I have more to say about the passing of Aretha Franklin.
Unlike
Whitney Houston, whose career I followed from beginning to end (because I was
alive during its entire span), I acquired my appreciation for Aretha.
But not from my parents, because I do not have memories of them being
great fans of hers (like I do with Stevie Wonder, for example). I came
to this love for her on my own as a young law school student back when we were all members of the Columbia House music club. I was going through a discovery period of "classic" artists and bought this:
Because
for me at that time, Aretha Franklin music was whatever she had been
releasing in the 80s, during her so-called comeback era. I knew that there existed this earlier period of greatness that had designated her as music
royalty, so I wanted to acquaint myself to that music, the stuff that
got played in the basements on Saturday nights on the oldies radio
station.
Of course, I was not disappointed.
Right
as the news broke of Franklin's passing, I was looking through a
sampling of Madonna music to highlight for her 60th birthday. That
search was based on her catalog of videos from that early period
of her career in the 80s when she was being called the "Queen of Pop". While there is no
denying Madonna's star quality and endurance as an icon in her own
right, there is a clear distinction between a music video star and an
all-around musician and artist. Aretha is, was, and always shall
be...(yes, that song is stuck in my head now) The Queen.

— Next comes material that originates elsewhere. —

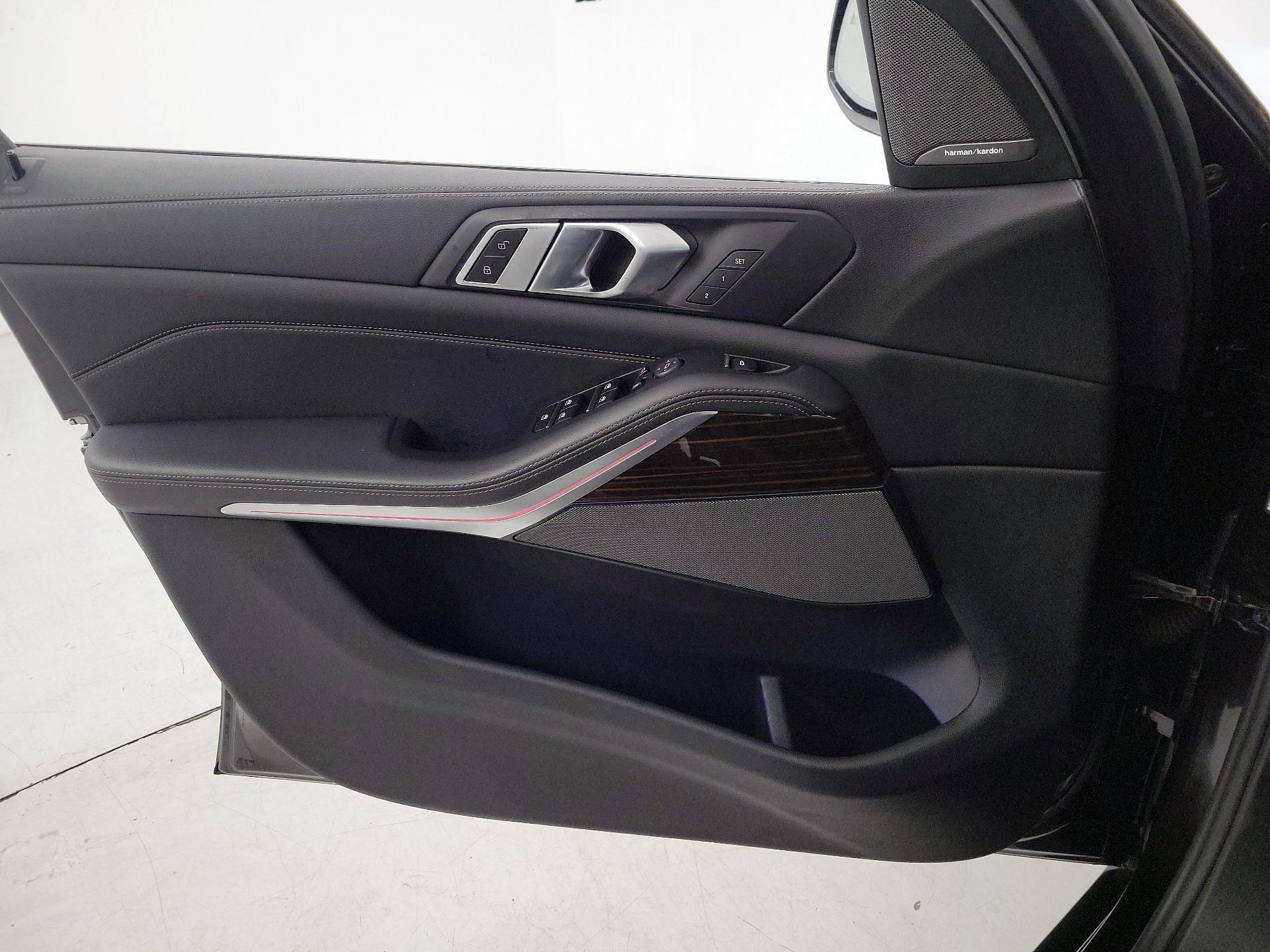 Thumbnail: 2020 BMW X5 - 12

In one of my first published online pieces, I questioned whether music (R&B specifically) had lost its soul. That was in 2001 when the video for Lady Marmalade had been released for the film, Moulin Rouge.

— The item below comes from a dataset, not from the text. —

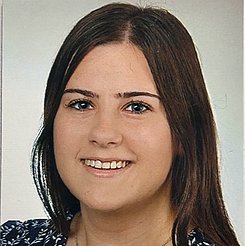 Frau  Leonie Hillebrand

It's ironic that I thought of that piece, but it contemplates this exact moment in time--the vacuum created by loss of a great artist in comparison to how greatness is defined by modern tastes. How most popular singers of this
current era are better known for record sales and provocative award
show performances, but it is uncertain whether any of them will be
remembered for their music. How many of these singers will be able to
rely on their 40 year old hit records when they are long past the age of
being able to dance to the original choreography on stage? How many of
us who came of age on hip hop or heavy metal are willing to pay good
money to see those old heads perform a cover of someone else's music
from a different genre (other than Aerosmith and Run-DMC)? In the future, who will be the recipient of a Kennedy Center tribute that brings the Leader of the Free World to tears?

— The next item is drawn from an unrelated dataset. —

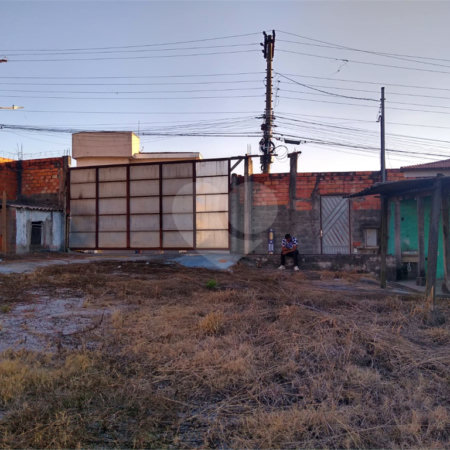 Terreno à venda em Vila Romanópolis, Ferraz de Vasconcelos, SP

That is the magnitude of the loss of an artist like Aretha Franklin.
And
that's why we can't just give away titles to folks on the basis of
record sales and concert bookings. Greatness requires more than good
looks and media savvy. Greatness is more than the ability to reinvent
one's career as popular music tastes shift. Greatness isn't always
long-lived, but it is about the quality of the output. Greatness is a
heavy burden that exacts an expensive toll.
Aretha Franklin was crowned the Queen of Soul in a 1964 ceremony contrived by a local Chicago radio
deejay before her true greatness was even realized. It is safe to say
that by the time she was recording the album that would mark
her "comeback", she had put in much of the work that gave that title its
value. Work in the form of the eight albums she recorded before she
switched record labels in 1966, and then in the form of the tremendous
output of 1967 to 1976, which would be known as her golden
era. She had been a teenage mother, had two marriages, and had weathered various
family tragedies, including the death of her beloved father. She had already been a working artist at Arista by the time Whitney was signed.
This is not a dig at other performers, but simply a recognition that Aretha's talent surpassed all of what we would use to define greatness in music today. That's the reason why there have been serious debates on social media about who should be included in a tribute...
(I had been working on this piece off and on since the weekend, and last night I decided to go to bed. I was feeling blocked and uninspired, so the kid and I tucked in to watch TV. I tuned into the VMAs for maybe a minute, and I wasn't following social media, so I had NO IDEA. And I won't even dignify that nonsense except to suggest that it proves my point.)
Aretha was great.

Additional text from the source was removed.